Marketers are facing a crisis of confidence about the immediate future, according to the summer Marketing Trends Survey published by Britain's Chartered Institute of Marketing.
According to the study, lack of confidence has resulted in its members setting extremely circumspect sales targets. Sales growth forecasts across the marketing spectrum now average 4.7% compared with 4.9% earlier this year – an unsurpassed nadir since the CIM began publishing the study in 1994.
Until this spring, anticipated average sales growth had never fallen below 5% and only on two occasions – in January 1998 and April 1996 – has it dropped below six per cent.
Although 59% of respondents maintain that their targets are realistic, few are optimistic that they will achieve even the lowered figures. The CIM Confidence Index has slumped to 89.1%, its second lowest level to date.
Forty per cent of marketers believe they face “formidable” sales goals, twenty nine per cent seeing these as "very challenging", while another 9% dub them “unrealistic”.

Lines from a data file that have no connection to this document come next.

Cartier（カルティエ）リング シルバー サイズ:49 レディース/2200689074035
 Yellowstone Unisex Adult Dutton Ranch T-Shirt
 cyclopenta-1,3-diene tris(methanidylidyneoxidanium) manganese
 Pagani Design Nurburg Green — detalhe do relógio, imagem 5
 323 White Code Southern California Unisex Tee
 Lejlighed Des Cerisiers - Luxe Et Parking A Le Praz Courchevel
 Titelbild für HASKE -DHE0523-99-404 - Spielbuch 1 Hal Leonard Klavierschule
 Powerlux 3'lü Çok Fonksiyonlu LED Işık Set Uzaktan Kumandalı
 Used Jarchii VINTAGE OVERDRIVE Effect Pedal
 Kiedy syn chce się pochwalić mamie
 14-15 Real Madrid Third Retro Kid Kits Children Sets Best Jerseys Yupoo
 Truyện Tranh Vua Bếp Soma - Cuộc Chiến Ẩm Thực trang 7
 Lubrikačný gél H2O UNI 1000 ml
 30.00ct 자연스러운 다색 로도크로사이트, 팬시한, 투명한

These attitudes appear to be constant across most types of business, regions and size of companies, with only a smattering of categories defying the gloom – primarily the services and chemicals sectors, and businesses based in the North of England and the West Midlands.
Not a single respondent expected to better their targets “by a wide margin” with only a small minority believing they would attain their goals.
The report, which underscores the results of the CIM's spring 2001 survey, concludes that the marketing profession has undergone a blow to its confidence and is moving forward with caution. This in turn has affected spending plans.